Yaşananlar büyük bir yanılsama değilse, sadece neo liberal dönem sonlanmıyor fakat aynı zamanda, kapitalist sistemin de tarihsel sonunu işaret eden öncüller ortaya çıktı. Dengeden çıkan sistem… Derinleşen bunalım… Belirsizliğe sürükleniş…
Bu süreçte, kavramların, deyimlerin, terimlerin, olguların anlam kaymalarına ve içeriklerinin yok oluşuna tanıklık ediyoruz. Dolayısıyla, söylene gelenler anlamsızlaşıyor. Sanayi devrimiyle gelişen kültürün getirdikleri, dijital devrimin getirmekte olduklarını okumaya yetmiyor.

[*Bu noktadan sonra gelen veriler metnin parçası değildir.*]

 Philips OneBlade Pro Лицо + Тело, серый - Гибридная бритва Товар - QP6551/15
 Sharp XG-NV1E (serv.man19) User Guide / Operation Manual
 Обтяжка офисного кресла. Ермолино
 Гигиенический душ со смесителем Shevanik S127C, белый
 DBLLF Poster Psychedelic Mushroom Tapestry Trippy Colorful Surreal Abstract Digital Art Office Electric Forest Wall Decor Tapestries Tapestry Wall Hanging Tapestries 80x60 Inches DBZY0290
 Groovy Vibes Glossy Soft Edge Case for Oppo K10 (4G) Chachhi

Sanayi devriminin yarattığı tüketim toplumu, ihtiyaç ötesi tüketmenin dayanılmaz çekiciliğiyle içine sürüklendiği ağır bunalımda, olmak yerine sahip olmanın vasatında tükeniş zamanlarıyla buluştu.

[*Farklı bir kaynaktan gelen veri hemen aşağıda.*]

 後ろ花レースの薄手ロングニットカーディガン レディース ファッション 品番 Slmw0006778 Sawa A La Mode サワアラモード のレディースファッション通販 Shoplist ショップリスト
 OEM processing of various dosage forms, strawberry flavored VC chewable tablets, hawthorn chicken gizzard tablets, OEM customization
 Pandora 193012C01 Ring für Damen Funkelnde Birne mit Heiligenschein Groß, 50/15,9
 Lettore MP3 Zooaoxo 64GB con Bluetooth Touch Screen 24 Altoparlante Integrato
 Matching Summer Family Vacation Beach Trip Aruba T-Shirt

Ülkemizde de seksen darbesinden sonra eni konu liberalleşen piyasalar alıp başını giderken vasatlaşmanın önü açıldı. Değerlinin yerini önemlinin aldığı bu süreçte, vasatlık toplumu sarıp sarmaladı.

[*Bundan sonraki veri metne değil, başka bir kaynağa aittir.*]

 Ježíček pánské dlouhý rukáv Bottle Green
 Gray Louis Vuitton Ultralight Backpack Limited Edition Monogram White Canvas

Hazin ama gerçek, vasatlığın ucuz ve bayağı ile mütecanis olduğu bir çağın hemen bilgi çağının ardından gelmesi, bildiklerimizi sorgulama ihtiyacını kışkırtıyor.
“Evrimin getirdiklerinden çok emin ilerleyip, gelişip dururken bu vasatlaşma da ne oluyor?” diye sormak için çok fazla neden var.
Gelişme ile vasatlık arasında gerilip kalan uygar insan, ilerlemekten yorgun düştü.
Olan bitene bakılırsa, gelişme ve ilerleme, aptal toplumda tükeniyor.
Evrim bu, nasıl işleyeceğini bize mi soracak!
Akla düşen soru; Tüketim toplumu insanı aptallaştırıyor olabilir mi?
Tüketmek ile tükenmek arasında, ilerlemek ve gelişmekten fırsat bulup da bir türlü dönüp bakamadığımız üretim ve mülkiyet ilişkilerinin piyasalarda uygarlaştırdığı insan, bilgi çağının orta yerinde, vasatlığa hizalanmış, hem de aptallığın şefkatli kollarında…
Vasat ve aptal, hakaret veya aşağılama değil, insanlığın yeni durumunu ifade eden iki kavram. Sistemde adeta birer sinyale dönüşen insanın yeni durumunu ifade ediyor. İnsanın değeri, dijital sistemde tuttuğu yerle mütecanis...
Yeni dünya düzeninde insanı kayıt altına alan sistem, devletin süregelen kayıt sisteminden oldukça farklı. Bu nedenle, değişimin etkileri çok sarsıcı oluyor.
Vasatlaşmayla birlikte ortaya çıkan ucuzluk ve bayağılık tahammül ötesi olmakla birlikte, “aptal toplum” inşasında sağladığı “kolaylık” bir gerçek.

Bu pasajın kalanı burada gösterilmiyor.